◆ Exercise requirements
Reproduce the listing that follows word for word, without its pictures.

Given information: Begin

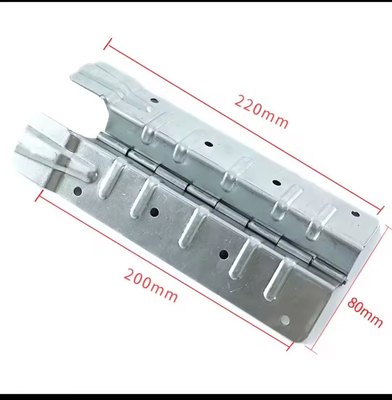 Galvanized Carbon Steel Pallet Collar Hinge with Rivets Tools for Attaching Wooden Boxes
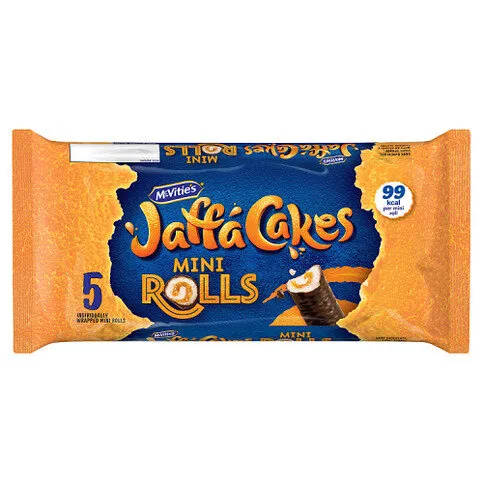 McVitie's Jaffa Mini Rolls Cake Bars 5 Pack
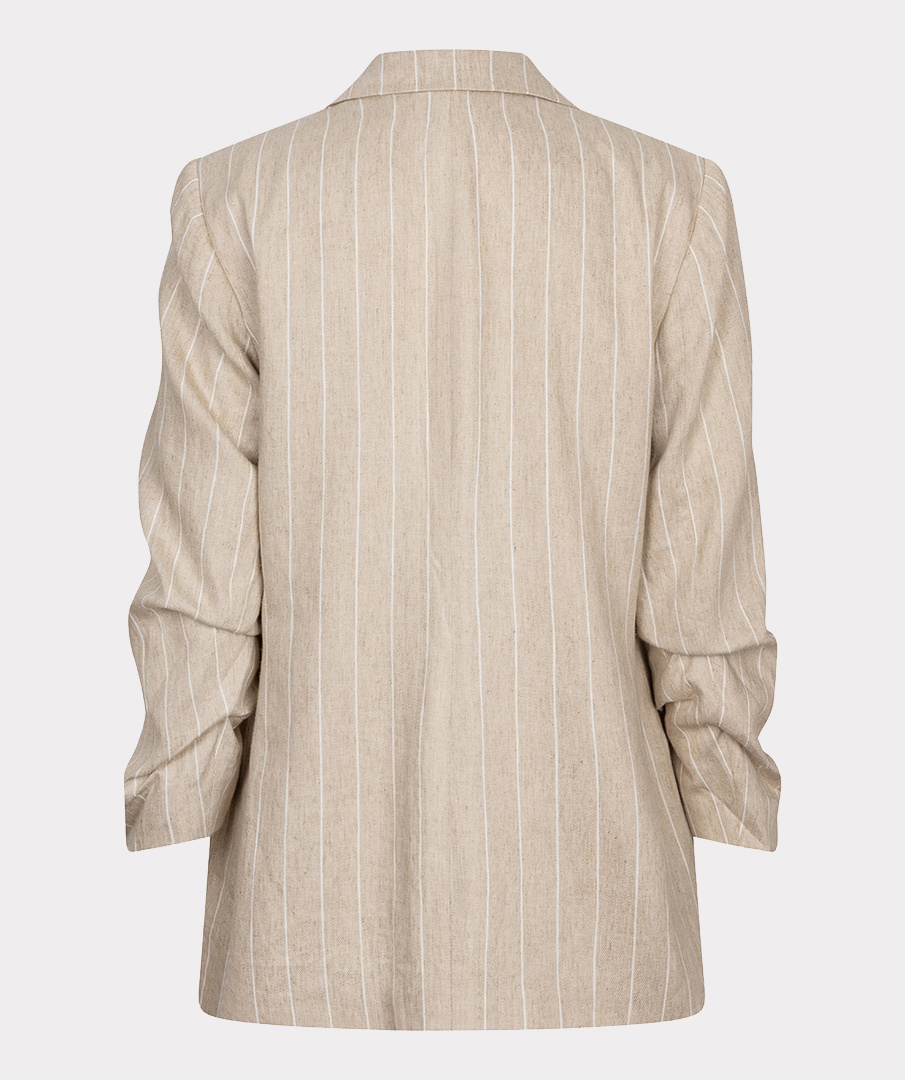 Esqualo  Blazer linen stripe sand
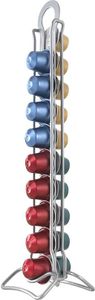 Metaltex Capsulo Kapselständer passend für 20 Nespresso Kapseln 38x9cm, Silber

Given information: End

◆ Task result
 Galvanized Carbon Steel Pallet Collar Hinge with Rivets Tools for Attaching Wooden Boxes
 McVitie's Jaffa Mini Rolls Cake Bars 5 Pack
 Esqualo  Blazer linen stripe sand
 Metaltex Capsulo Kapselständer passend für 20 Nespresso Kapseln 38x9cm, Silber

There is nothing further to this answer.